Zeca Afonso - Vampiros
No céu cinzento
Sob o astro mudo
Batendo as asas
Pela noite calada
Vêm em bandos
Com pés veludo
Chupar o sangue
Fresco da manada
Se alguém se engana
Com seu ar sisudo
E lhes franqueia
As portas à chegada
Eles comem tudo
Eles comem tudo
Eles comem tudo
E não deixam nada
A toda a parte
Chegam os vampiros
Poisam nos prédios
Poisam nas calçadas
Trazem no ventre
Despojos antigos
Mas nada os prende
Às vidas acabadas
São os mordomos
Do universo todo
Senhores à força
Mandadores sem lei
Enchem as tulhas
Bebem vinho novo
Dançam a ronda
No pinhal do rei
Eles comem tudo
Eles comem tudo
Eles comem tudo
E não deixam nada
No chão do medo
Tombam os vencidos
Ouvem-se os gritos
Na noite abafada
Jazem nos fossos
Vítimas dum credo
E não se esgota
O sangue da manada
Se alguém se engana
Com seu ar sisudo
E lhe franqueia
As portas à chegada
Eles comem tudo
Eles comem tudo
Eles comem tudo
E não deixam nada
Eles comem tudo
Eles comem tudo
Eles comem tudo
E não deixam nada
Zeca Afonso (Poeta e cantor português, 1929-1987)
Imagem: Nosferatu by al dark side
2 comentários:
Susana,
Politica, porquê?
Manuel,
compreendo a sua questão, porque neste tema mudei um pouco o âmbito das palavras que me tocam... De palavras intimistas, de emoções idividuais, passei para palavras que espelham emoções colectivas e nada intimistas. No entanto, ambos os tipos de poemas têm um ponto comum: a densidade das emoções e da mensagem que querem transmitir. É, provavelmente, por isso que todos eles me tocam.

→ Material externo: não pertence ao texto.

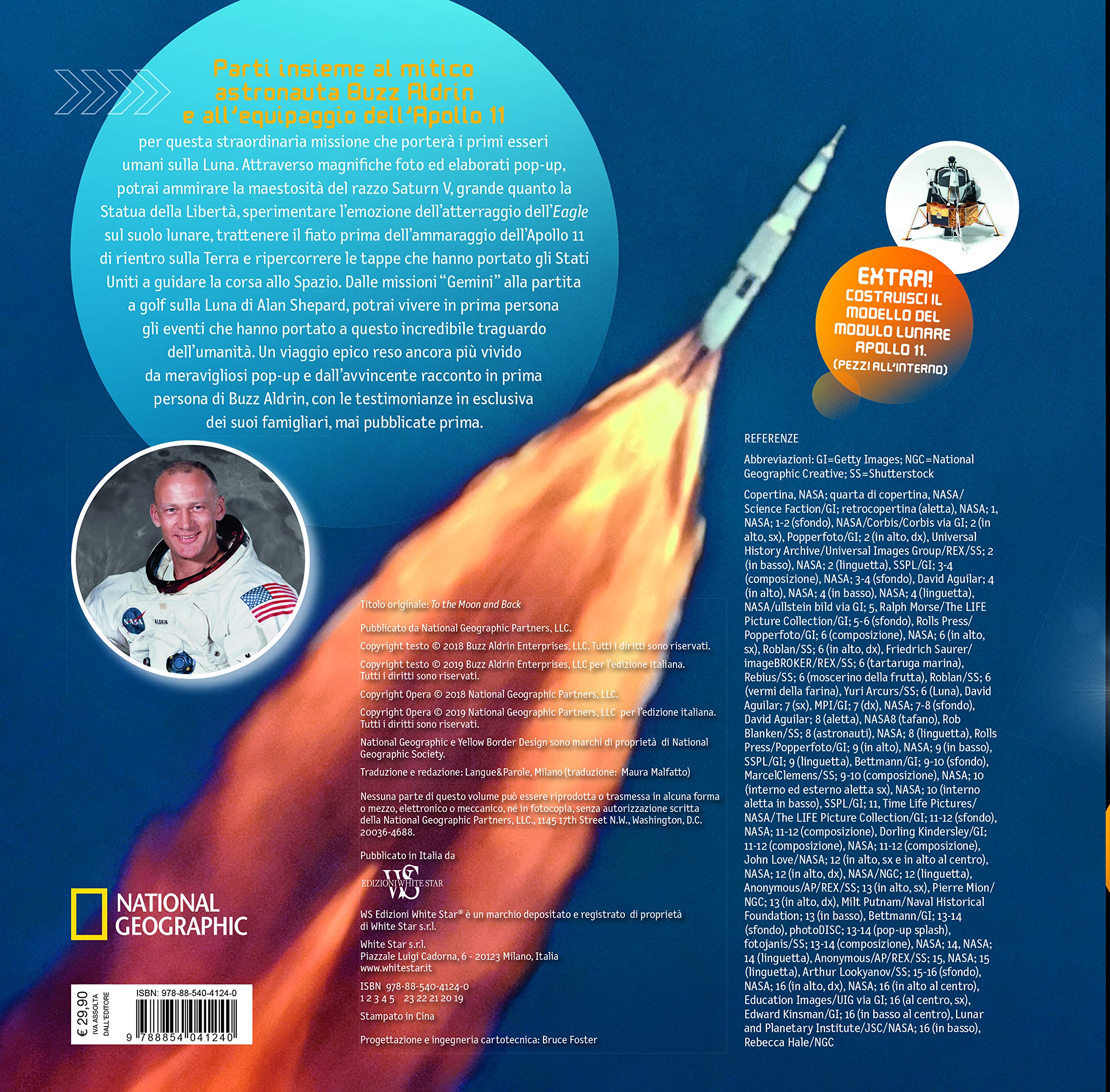 National Geographic Kids – Libri Il mio viaggio sulla Luna e ritorno. L'avventura dell'Apollo 11 libro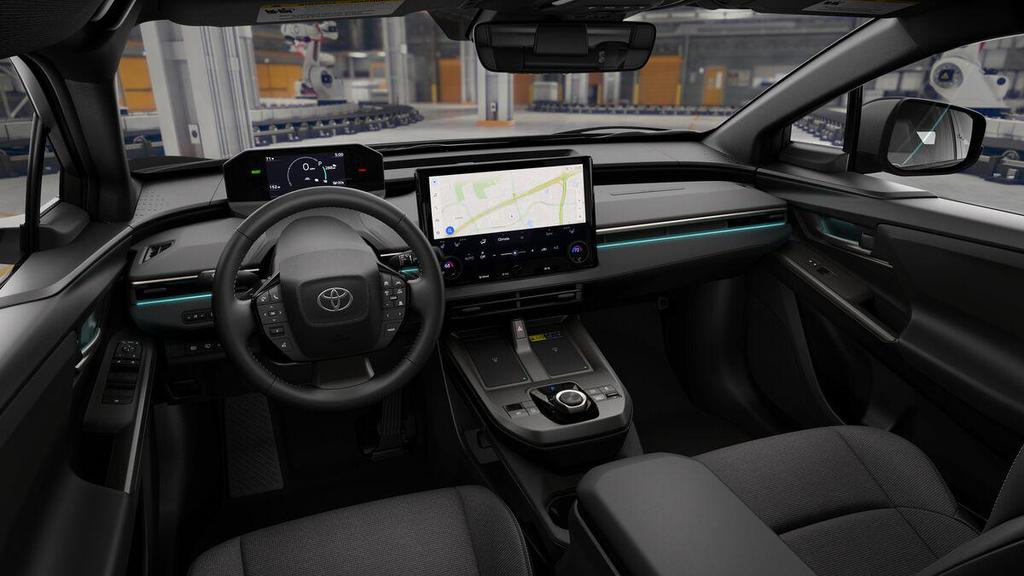 new 2026 Toyota bZ car, priced at $41,066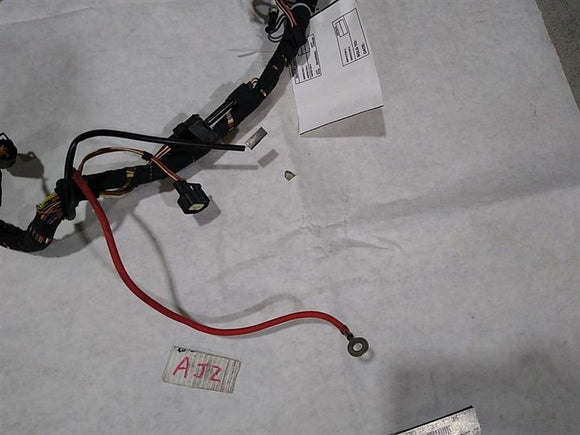 Jaguar XKR Coupe Trunk Wire Harness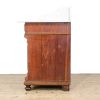 M-6663 Antique Marble Top Continental Chest of Drawers 6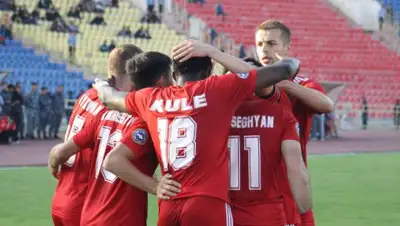 ФК Кайсар, фото - Новости Zakon.kz от 06.10.2019 19:04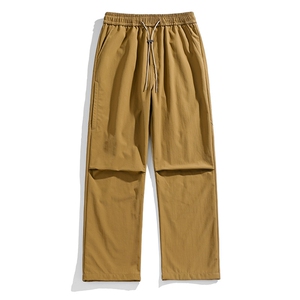 白底秋冬工装裤宽松休闲伞兵裤男K23326-P40控58图片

Neste tema resolvi falar de política porque também as palavras da política me tocam. Também as palavras políticas me suscitam emoções. Não sou militante de nenhum partido, mas existem determinadas questões (políticas e sociais) a que sou sensível. Nos poemas que escolhi estão retratadas algumas dessas questões.